Install Essential Packages

After the installation of MySQL or MariaDB client and server packages, we need to prepare the MySQL/MariaDB server with all necessary tools to cope with all the administration, management and monitoring operations that are going to happen on the server. If you are planning to lock down the MySQL server in production, it will be a bit harder to install them all manually without the Internet connection. 
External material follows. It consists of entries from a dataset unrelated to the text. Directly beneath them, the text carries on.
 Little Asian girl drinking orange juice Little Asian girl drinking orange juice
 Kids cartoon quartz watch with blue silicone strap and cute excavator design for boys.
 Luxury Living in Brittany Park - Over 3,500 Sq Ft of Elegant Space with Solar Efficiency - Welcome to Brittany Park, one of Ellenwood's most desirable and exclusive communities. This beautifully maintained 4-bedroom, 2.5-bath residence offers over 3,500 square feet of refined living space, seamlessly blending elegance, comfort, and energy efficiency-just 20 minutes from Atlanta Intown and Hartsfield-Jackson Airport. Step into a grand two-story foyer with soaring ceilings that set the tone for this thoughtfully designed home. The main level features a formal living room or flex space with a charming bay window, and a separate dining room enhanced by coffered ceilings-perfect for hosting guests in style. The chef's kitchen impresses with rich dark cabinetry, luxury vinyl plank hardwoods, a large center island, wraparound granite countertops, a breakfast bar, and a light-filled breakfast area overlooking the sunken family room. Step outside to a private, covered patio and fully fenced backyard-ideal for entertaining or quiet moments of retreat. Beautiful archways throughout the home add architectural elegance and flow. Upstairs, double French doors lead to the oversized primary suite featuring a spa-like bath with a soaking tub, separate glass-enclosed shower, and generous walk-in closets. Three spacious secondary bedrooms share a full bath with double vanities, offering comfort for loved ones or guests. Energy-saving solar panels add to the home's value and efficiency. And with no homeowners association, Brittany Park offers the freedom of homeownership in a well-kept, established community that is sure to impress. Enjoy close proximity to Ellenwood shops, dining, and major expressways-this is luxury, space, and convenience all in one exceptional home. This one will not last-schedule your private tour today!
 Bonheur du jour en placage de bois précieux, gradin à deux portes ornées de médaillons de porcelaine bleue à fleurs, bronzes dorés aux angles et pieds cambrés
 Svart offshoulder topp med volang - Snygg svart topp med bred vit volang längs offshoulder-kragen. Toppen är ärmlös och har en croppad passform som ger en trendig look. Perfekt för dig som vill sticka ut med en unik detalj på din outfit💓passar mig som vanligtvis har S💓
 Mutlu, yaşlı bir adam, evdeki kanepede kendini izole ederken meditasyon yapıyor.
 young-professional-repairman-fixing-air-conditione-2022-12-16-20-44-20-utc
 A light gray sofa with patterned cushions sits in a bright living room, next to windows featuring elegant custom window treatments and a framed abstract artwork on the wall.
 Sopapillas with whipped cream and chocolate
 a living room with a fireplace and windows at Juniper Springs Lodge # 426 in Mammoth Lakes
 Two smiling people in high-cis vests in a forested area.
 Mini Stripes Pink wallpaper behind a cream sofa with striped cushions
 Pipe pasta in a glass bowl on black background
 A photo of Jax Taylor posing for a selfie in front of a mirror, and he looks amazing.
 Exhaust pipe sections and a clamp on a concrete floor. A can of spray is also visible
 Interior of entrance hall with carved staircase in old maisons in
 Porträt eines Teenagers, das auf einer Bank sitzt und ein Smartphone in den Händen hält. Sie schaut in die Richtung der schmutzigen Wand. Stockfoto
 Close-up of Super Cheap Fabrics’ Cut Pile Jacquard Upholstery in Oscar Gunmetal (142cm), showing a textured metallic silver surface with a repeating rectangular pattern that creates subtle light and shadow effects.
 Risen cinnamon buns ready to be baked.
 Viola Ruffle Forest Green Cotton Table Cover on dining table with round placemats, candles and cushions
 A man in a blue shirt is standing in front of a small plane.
Some of the important packages that should be installed on the MySQL/MariaDB server for Linux:

  • Percona Xtrabackup/MariaDB Backup - Non-blocking physical backup of the database server.
  • ntp/ntpdate - Sync server's time.
  • pv - Monitor data through a pipeline, can also be used for throttling.
  • socat or netcat- Data streaming tool, good for streaming backup.
  • net-tools - A collection of network debugging tools for Linux.
  • bind-utils - A collection of DNS debugging tools for Linux.
  • sysstat - A collection of performance monitoring tools for Linux.
  • telnet - Telnet client to check service reachability.
  • mailx/mailutils - MTA client.
  • openssl - Toolkit for the Transport Layer Security (TLS) and Secure Sockets Layer (SSL) protocols.
  • unzip - Uncompress tool.
  • htop - Host monitoring tool.
  • innotop - MySQL monitoring tool.
  • vim - Text editor with syntax highlighting (or any preferred text editor).
  • python-setuptools - Python package manager.
  • lm_sensors/ipmitool - To check server component's temperature. Bare-metal server only.

Note that some of the suggested packages are only available in non-default package repositories like EPEL for CentOS. Therefore, for YUM-based installation:

$ yum install epel-release
$ yum install -y wget ntp pv socat htop innotop vim mailx bind-utils net-tools telnet sysstat openssl python-setuptools lm_sensors ipmitool

While for APT-based installation:

$ apt-get install ntp pv socat htop innotop vim easy_install mailutils bind-utils sysstat net-tools telnet openssl lm_sensors ipmitool

For MySQL command line interface, we can use another tool other than the standard "mysql" command line client like mycli, with auto-completion and syntax highlighting. To install the package, we can use pip (Python package manager):

$ pip install mycli

With mycli, one can reduce the human-error vector with a better visualization when dealing with production server, as shown in the following screenshot:

Meaningful Shell Prompt

This part looks unnecessary in the first place, but it is probably going to save you from making silly mistakes in production. As a human, we are prone to make errors especially when running destructive commands during an intense moment, for example when the production server is down.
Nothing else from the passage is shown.